President Barack Obama released his 2011 tax returns on Friday, revealing a notable drop in income compared to the previous year.
Obama and his wife Michelle reported adjusted gross income of $789,674 in 2011, compared to about $1.7 million in 2010 and about $5.5 million in 2009.
The White House noted that the president's salary accounted for about half of the first family's income, while the other half came from sales of Obama's books.
The Obamas paid $162,074 in taxes, reflecting an effective federal tax rate of 20.5 percent. In 2010, the Obamas paid an effective tax rate of just over 26 percent.
The returns showed that Barack and Michelle Obama donated $172,130, or about 22 percent of their adjusted gross income, to 39 different charities.
The charitable donations included an $117,130 contribution to the Fisher House Foundation, with Obama donating the after-tax proceeds from his children's book to the scholarship fund for children of fallen and disabled soldiers.

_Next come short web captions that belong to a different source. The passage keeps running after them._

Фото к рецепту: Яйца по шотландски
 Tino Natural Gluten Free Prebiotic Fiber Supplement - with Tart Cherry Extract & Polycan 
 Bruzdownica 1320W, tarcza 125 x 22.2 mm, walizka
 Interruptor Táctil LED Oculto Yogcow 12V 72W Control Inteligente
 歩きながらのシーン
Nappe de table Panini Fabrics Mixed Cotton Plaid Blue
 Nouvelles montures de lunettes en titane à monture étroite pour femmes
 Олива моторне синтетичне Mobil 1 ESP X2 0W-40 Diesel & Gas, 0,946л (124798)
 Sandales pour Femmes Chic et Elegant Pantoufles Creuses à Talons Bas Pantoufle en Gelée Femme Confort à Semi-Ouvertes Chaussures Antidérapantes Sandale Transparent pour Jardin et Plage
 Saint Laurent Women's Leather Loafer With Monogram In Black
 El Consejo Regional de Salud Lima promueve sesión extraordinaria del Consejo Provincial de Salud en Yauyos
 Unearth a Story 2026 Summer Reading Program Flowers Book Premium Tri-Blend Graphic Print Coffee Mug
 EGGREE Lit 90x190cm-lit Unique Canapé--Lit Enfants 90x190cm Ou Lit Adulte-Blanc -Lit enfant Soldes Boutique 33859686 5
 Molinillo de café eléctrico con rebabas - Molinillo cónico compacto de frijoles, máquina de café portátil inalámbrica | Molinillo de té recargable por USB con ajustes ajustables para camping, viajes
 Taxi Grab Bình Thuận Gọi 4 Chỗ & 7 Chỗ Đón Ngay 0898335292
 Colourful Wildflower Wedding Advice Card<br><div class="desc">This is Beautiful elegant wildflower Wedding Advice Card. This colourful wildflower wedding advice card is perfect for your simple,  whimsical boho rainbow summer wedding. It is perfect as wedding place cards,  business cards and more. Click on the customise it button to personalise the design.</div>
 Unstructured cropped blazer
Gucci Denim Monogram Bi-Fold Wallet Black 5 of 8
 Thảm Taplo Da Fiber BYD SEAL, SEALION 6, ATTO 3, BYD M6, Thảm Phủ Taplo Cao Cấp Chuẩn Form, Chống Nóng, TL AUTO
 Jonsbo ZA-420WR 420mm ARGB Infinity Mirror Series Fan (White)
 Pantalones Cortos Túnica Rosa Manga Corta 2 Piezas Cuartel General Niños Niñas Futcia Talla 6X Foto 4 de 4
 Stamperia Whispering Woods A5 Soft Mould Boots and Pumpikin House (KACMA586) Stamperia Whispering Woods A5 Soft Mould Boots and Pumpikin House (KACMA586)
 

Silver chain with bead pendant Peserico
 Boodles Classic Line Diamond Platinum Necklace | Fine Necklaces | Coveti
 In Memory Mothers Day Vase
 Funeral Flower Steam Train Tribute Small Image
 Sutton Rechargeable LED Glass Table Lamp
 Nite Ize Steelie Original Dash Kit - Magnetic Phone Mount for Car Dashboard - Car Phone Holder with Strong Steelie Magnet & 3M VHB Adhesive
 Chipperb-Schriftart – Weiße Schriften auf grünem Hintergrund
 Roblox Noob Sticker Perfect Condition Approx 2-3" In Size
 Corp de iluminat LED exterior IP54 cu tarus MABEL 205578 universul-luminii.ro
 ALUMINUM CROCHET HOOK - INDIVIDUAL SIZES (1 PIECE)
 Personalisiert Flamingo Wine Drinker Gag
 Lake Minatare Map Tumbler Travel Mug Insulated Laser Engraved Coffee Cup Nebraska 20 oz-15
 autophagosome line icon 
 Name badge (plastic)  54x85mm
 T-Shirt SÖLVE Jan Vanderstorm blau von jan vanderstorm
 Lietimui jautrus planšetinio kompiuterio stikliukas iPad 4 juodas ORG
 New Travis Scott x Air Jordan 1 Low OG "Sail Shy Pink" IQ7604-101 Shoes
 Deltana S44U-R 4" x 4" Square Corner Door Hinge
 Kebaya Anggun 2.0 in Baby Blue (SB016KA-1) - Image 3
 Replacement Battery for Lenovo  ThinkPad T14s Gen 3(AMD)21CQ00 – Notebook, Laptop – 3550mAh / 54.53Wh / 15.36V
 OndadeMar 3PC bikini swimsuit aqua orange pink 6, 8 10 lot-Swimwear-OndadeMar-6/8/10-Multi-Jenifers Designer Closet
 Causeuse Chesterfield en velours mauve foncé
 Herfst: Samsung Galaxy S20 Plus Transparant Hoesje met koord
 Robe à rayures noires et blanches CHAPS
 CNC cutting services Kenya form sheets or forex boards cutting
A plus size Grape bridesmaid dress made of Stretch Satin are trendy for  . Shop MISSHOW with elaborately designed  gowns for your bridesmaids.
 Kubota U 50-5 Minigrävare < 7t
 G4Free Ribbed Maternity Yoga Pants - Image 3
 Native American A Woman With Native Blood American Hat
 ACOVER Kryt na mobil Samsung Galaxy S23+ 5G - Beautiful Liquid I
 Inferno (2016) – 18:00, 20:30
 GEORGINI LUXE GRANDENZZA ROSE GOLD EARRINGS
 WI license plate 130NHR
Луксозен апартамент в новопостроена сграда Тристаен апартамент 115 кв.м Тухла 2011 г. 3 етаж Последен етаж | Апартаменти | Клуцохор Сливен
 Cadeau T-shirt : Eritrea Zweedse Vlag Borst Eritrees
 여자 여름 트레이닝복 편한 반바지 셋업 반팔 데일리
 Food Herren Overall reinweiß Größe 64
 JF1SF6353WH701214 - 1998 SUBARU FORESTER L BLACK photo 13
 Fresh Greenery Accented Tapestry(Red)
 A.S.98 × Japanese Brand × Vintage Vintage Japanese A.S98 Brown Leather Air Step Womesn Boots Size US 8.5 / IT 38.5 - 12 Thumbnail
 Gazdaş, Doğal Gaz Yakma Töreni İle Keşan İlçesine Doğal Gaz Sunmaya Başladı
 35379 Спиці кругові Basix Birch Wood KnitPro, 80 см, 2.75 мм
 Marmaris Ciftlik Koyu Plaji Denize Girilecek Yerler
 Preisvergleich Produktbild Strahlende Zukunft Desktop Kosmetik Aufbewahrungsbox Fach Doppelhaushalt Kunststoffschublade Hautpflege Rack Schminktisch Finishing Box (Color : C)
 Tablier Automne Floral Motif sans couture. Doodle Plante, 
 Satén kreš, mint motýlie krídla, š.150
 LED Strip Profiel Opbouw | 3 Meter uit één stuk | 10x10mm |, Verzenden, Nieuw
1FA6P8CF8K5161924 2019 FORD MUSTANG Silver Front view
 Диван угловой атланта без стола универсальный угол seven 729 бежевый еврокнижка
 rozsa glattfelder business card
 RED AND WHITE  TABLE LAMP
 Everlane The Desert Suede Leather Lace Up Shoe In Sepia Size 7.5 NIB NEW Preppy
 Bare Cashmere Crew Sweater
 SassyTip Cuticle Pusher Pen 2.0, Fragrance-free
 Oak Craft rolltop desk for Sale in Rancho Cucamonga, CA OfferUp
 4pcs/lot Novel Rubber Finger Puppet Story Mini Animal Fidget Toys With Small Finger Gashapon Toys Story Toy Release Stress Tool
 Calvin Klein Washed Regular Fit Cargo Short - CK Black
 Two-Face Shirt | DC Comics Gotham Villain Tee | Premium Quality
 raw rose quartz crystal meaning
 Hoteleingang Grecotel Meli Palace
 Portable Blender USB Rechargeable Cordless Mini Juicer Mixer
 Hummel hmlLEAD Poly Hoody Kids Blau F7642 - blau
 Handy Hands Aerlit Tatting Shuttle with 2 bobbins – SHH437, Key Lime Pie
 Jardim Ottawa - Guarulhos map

Following the release of the returns, Obama Campaign Manager Jim Messina released a statement questioning why presumptive Republican nominee Mitt Romney has not released his past tax returns.
"On the eve of April 17th, Governor Romney has yet to provide tax returns from the period in which he made hundreds of millions as a corporate buyout specialist, or as governor of Massachusetts, the experience he says qualifies him to be president," Messina said.
He added, "Mitt Romney's defiance of decades of precedent set by presidential candidates on both sides of the aisle, including his own father, begs the question -- what does he have to hide?"
Earlier this year, Romney released documents showing that he paid about 14 percent in taxes on earnings of more than $42 million over the past two years.
Romney's tax filings show the bulk of his income came from investments, which are taxed at a lower rate than earned income.
Over the past week, President Obama has been urging lawmakers to support the so-called "Buffett Rule," which calls for individuals earning more than $1 million a year to pay at least the same effective tax rate as middle class families.
The proposal is named for billionaire investor Warren Buffett, who has said that he pays a lower percentage in income taxes than his secretary.
The Senate is slated to vote on the "Buffett Rule" next Monday, but Republicans are preparing to block the legislation, claiming it will hurt small businesses and the economy.